Crop Insurance May Be Increasing High-Risk Planting

Market to Market | Clip
Nov 3, 2023 | 2 min

Subsidies for crop insurance may be increasing the cost of weather loss, according to an environmental advocacy group.

Transcript

Subsidies for crop insurance may be increasing the cost of weather loss, according to an environmental advocacy group.

Analysis of U.S. Department of Agriculture data by the Environmental Working Group shows the total crop insurance indemnities doubled between 2001 and 2022, and totaled over $118 billion dollars. Their examination of the data shows the cost of those payouts is increasing faster than the rate of inflation. 

Work done by the non-profit environmental research group revealed the largest category of insurance claims were due to drought. Claims grew 690 percent during the 22 year period studied with the federal government paying $7.6 billion dollars last year alone. Flooding was seen as the second largest cause of loss with $2.2 billion dollars paid in 2022.

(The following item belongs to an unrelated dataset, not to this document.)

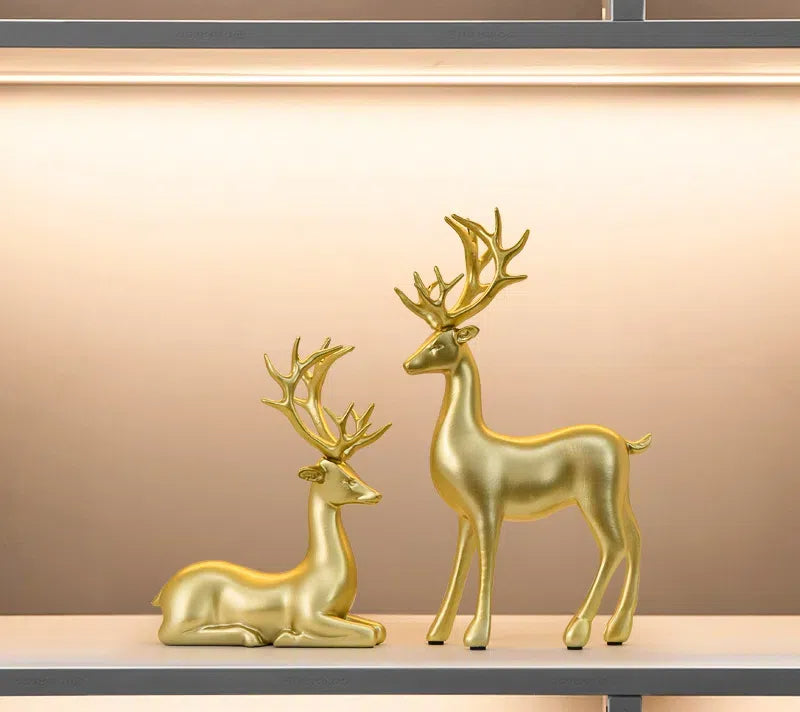 Metallic Gold Deer Sculptures for Elegant Home Decor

The insurance loss category with the largest percentage increase came in losses due to heat, which grew over 1000 percent over the two decades reviewed, Farmers were paid on $1.6 billion in claims for the final year examined. 

Based on their analysis, the ERG suggests the Federal subsidy farmers receive for buying crop insurance, which generally covers two-thirds of the purchase price, distorts the perceived risk farmers face due to climate change. The group also argues that those subsidies encourage farmers to plant crops in areas that are at a high risk of loss due to heat, drought or excess moisture.

County level data from the USDA also suggests the rate and cost of insurance claims will probably continue to increase in the future. The result could be an increase both in the subsidized cost of insurance to farmers and the cost of those subsidies to taxpayers.